Christian Léourier a les crocs. Après les campagnes et les forêts glaciales de Dur silence de la neige, paru presque simultanément chez les Moutons électriques, retour à l’espace. La Terre est un terrain de jeu trop petit pour l’auteur de « Lanmeur », habitué à voyager aux confins de galaxies lointaines, très lointaines…
Cette fois-ci, l’avenir de toutes les espèces pourrait bien reposer sur les épaules de Hénar Log Korson, aventurier terrien hâbleur et roublard, bientôt traqué par la moitié de l’univers pour avoir accepté de convoyer un vaisseau dans les soutes duquel repose une relique aux pouvoirs XXL. À ses côtés : Svaun, un pilote trans amateur de géométrie non euclidienne, et Ullinn, princesse ramenarde tout juste réveillée de son sommeil cryogénique. Quelques individus au pedigree louche viennent compléter la mauvaise troupe. La fine fleur des étoiles, quoi… L’affaire tourne rapidement au jeu de dupes entre les membres de l’équipage et le (ou les) commanditaire(s) de l’expédition, plusieurs factions extraterrestres rivales, ainsi qu’une administration galactique tatillonne : il s’avère que l’artefact suscite bien des convoitises et que tous, à des degrés divers, ont intérêt à ce qu’il parvienne à destination… mais quelle destination au juste ? Hénar se retrouve souvent forcé de sympathiser avec ses adversaires pour mieux louvoyer au milieu des complots et des retournements d’alliance, d’autant plus que le précieux chargement semble lié à tout un pan obscur de son histoire personnelle, qu’il a choisi sciemment d’oublier…
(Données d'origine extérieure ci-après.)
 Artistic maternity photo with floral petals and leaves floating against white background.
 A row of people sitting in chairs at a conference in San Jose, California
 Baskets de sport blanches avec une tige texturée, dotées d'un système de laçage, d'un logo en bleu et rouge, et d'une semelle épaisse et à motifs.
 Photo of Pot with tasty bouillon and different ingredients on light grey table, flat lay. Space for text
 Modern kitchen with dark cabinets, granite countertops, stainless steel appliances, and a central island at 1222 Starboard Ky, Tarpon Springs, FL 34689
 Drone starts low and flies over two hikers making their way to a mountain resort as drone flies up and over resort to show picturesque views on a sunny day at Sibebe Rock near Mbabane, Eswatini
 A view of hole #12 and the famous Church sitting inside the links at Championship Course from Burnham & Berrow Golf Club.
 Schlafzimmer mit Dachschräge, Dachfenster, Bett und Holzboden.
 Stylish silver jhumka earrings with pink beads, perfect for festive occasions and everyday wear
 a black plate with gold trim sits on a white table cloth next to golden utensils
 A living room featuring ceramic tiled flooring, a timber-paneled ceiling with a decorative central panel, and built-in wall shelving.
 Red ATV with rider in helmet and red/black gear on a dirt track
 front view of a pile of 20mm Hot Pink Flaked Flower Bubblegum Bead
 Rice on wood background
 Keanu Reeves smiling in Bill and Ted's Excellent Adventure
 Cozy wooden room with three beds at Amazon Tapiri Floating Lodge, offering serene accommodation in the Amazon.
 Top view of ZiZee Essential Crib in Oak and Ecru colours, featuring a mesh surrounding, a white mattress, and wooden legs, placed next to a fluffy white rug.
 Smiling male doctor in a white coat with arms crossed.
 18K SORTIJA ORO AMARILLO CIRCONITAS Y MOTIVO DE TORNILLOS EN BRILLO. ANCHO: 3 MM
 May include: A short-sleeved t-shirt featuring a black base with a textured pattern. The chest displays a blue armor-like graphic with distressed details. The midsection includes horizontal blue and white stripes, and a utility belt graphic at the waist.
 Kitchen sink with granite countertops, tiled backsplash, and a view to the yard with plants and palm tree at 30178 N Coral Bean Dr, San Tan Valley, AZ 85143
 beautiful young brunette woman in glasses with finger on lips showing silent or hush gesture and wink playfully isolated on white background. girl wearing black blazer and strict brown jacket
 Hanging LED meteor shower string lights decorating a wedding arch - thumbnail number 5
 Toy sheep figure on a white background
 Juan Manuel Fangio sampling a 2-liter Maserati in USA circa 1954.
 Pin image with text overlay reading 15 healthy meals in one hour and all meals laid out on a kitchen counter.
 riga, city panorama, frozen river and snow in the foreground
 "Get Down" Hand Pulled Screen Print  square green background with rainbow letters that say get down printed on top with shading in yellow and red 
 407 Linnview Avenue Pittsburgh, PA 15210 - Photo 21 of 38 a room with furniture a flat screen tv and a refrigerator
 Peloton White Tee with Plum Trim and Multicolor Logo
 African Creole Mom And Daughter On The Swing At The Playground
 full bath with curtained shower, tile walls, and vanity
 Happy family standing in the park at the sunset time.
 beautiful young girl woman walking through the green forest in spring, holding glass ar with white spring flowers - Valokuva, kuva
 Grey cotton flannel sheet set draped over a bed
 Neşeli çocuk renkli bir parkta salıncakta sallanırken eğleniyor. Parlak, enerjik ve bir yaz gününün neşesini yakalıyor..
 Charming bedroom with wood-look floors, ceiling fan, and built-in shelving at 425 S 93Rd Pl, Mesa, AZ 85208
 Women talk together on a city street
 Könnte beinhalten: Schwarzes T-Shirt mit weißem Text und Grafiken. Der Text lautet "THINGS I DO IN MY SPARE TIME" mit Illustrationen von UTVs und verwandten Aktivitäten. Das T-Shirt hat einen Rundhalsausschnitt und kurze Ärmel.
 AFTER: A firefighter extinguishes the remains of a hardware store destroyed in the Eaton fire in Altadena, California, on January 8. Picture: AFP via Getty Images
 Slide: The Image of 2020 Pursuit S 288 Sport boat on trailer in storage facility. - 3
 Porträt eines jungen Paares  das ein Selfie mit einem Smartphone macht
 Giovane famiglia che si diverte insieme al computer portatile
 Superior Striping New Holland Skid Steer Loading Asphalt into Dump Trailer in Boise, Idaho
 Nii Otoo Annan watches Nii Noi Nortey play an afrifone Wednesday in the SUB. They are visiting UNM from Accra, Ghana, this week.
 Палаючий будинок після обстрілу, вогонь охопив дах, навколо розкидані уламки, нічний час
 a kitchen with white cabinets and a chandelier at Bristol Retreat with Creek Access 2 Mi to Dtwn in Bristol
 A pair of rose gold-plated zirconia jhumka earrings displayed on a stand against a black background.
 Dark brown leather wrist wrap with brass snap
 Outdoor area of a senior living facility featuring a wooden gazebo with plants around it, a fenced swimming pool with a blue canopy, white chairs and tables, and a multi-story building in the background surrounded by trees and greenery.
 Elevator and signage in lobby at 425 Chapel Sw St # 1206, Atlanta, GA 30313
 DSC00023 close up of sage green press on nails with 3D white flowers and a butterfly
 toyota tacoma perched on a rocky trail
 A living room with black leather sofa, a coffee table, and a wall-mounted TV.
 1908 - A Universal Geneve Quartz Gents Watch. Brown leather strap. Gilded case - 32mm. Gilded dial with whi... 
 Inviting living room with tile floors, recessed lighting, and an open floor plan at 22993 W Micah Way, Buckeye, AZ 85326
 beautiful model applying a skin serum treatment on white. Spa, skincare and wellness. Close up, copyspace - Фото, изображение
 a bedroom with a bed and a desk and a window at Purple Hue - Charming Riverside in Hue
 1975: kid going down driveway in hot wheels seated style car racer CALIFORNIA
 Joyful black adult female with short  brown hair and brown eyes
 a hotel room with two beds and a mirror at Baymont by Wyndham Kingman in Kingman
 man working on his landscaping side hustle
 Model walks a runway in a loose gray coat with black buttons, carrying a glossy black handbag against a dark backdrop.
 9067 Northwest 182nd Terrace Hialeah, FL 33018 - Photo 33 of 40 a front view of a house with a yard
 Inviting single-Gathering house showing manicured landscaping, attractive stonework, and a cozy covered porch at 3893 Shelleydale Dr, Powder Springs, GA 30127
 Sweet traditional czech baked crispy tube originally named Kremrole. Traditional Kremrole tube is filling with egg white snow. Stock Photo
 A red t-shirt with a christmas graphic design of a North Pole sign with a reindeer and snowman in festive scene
Sitrinjêta est un ouvrage composite qui emprunte autant à Star Wars qu’à La Faune de l’espace ou à Cobra Space Adventure (liste bien évidemment non exhaustive). Pour faire avancer l’action et accrocher le lecteur, l’ensemble repose moins sur la dynamique de groupe et la construction d’un univers (point fort de l’auteur) que sur les soubresauts d’une intrigue à triple fond qui semble se dérober à mesure qu’elle se dévoile. L’enchaînement des péripéties jusqu’au twist cosmogonique final est tellement bien huilé qu’il fait oublier toutes les fautes de goûts en matière de planètes, extraterrestres et vaisseaux trop peu exotiques ou de personnages tristement fades. Pour un Hénar convaincant en Han Solo du pauvre, combien de seconds couteaux à peine esquissés ?… Heureusement, à côté du chef scout de la bande, Ullinn apporte une dimension badass, façon SuckerPunch, assez rafraîchissante.
Quintessence du space opera populaire, les meilleures productions estampillées Fleuve Noir ne valaient que par la capacité de leurs auteurs à trouver des interstices entre le scénario, le casting et les scènes de batailles navales imposées où ils pouvaient glisser leur patte. S’inscrivant dans la même lignée, Sitrinjêta n’a pas à rougir ; Christian Léourier s’en sort même étonnement bien si l’on considère l’aspect casse-gueule du projet (un one-shot d’à peine trois cents pages) pour un auteur dont l’imaginaire n’aime rien tant qu’avoir les coudées franches afin d’exprimer toute sa richesse et sa force poétique (en témoigne le cycle de « Lamneur »). De fait, s’il n’échappe pas à un certain classicisme, le ton – et l’écriture – suffisent à rendre le livre éminemment sympathique et à le distinguer de la masse des blockbusters signés David Weber, Jack Campbell et consorts.